───── PROVIDED RECORDS ─────

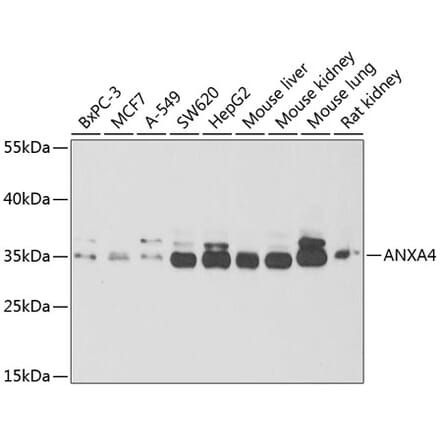 Western Blot - Anti-ANXA4 Antibody (A6280) - Antibodies.com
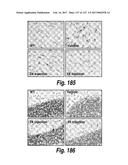 CNS DELIVERY OF THERAPEUTIC AGENTS diagram and image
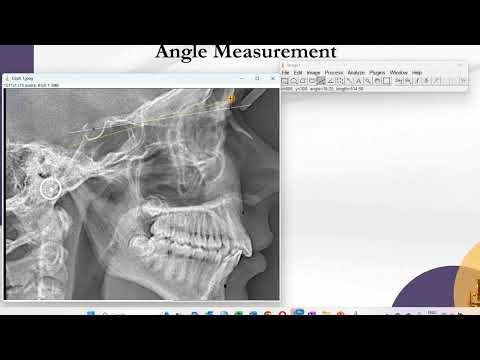 Image J: Angle Measurement
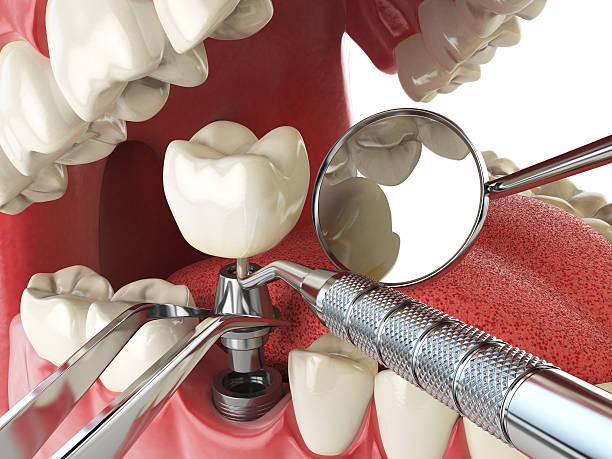 Best Broken or Chipped Tooth Repair in Blaine, TN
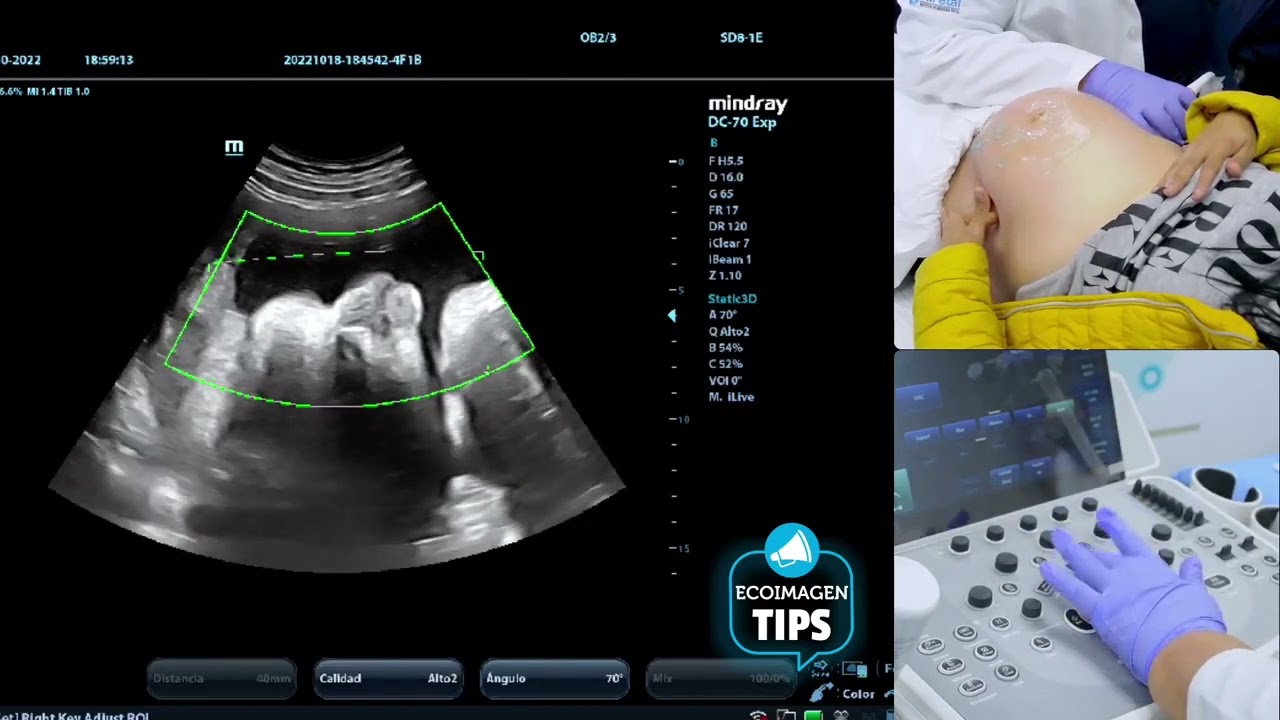 Tips para realizar la cara fetal en 3D con multiplanares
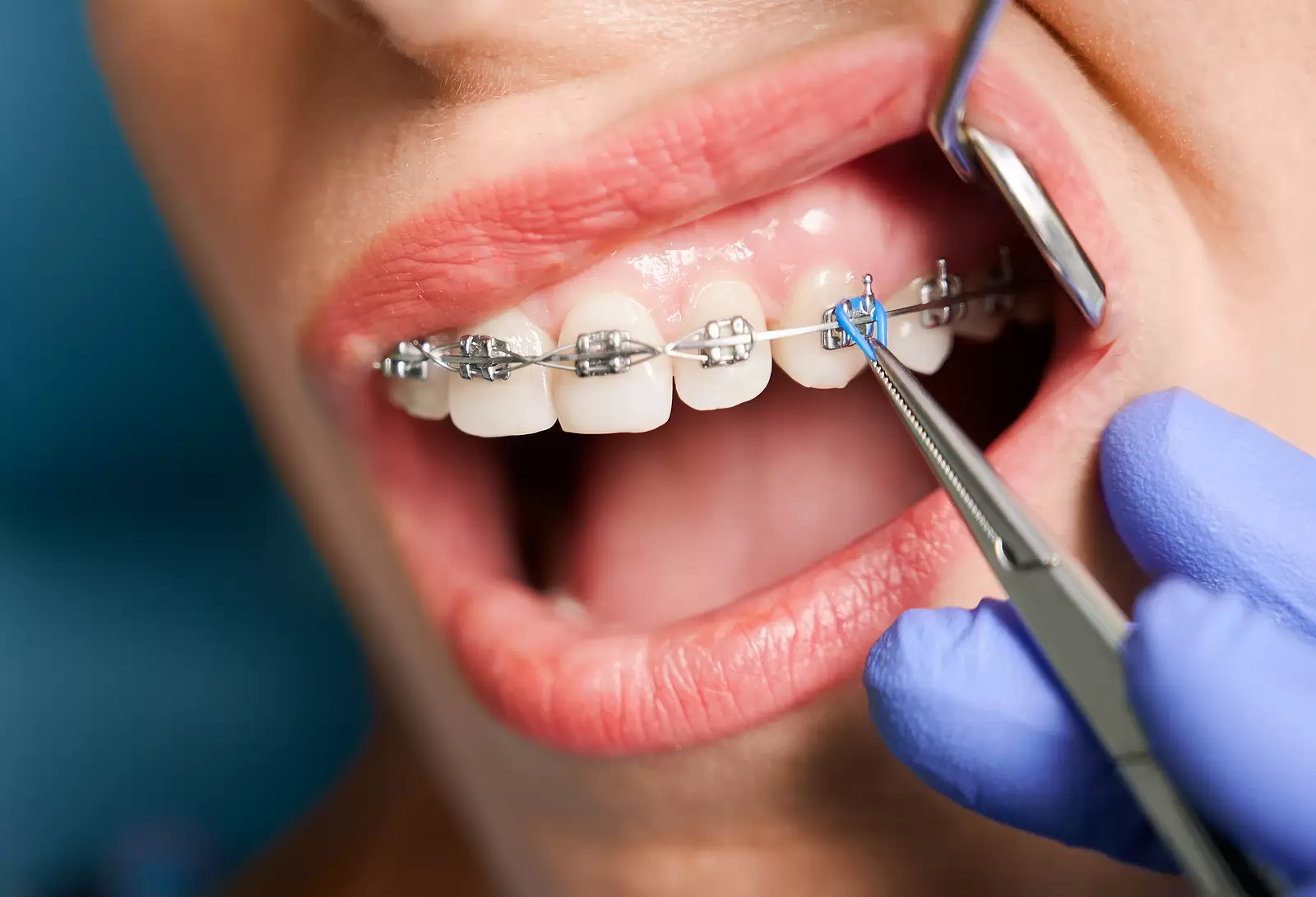 Orthodontic Emergencies: What to Do If Your Braces Break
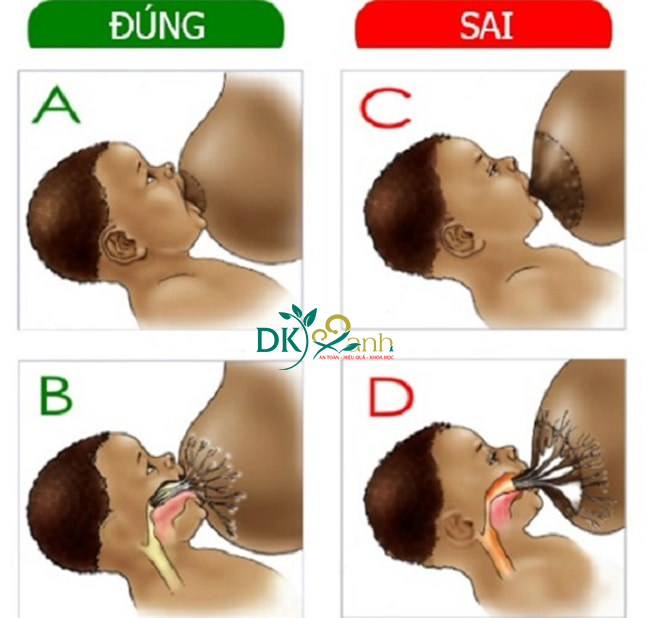 Cho con bú không đúng cách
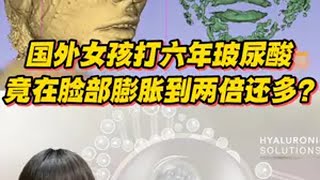 国外女孩打六年玻尿酸，竟在脸部膨胀到两倍还多？ 全分子量玻尿酸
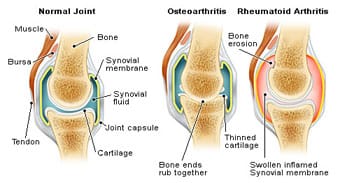 rheumatoid_arthritis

─────

◆ EXERCISE DETAILS ◆
Each record must appear again exactly as written above, without its pictures.

◆ RESPONSE TO THE EXERCISE ◆
 Western Blot - Anti-ANXA4 Antibody (A6280) - Antibodies.com
 CNS DELIVERY OF THERAPEUTIC AGENTS diagram and image
 Image J: Angle Measurement
 Best Broken or Chipped Tooth Repair in Blaine, TN
 Tips para realizar la cara fetal en 3D con multiplanares
 Orthodontic Emergencies: What to Do If Your Braces Break
 Cho con bú không đúng cách
 国外女孩打六年玻尿酸，竟在脸部膨胀到两倍还多？ 全分子量玻尿酸
 rheumatoid_arthritis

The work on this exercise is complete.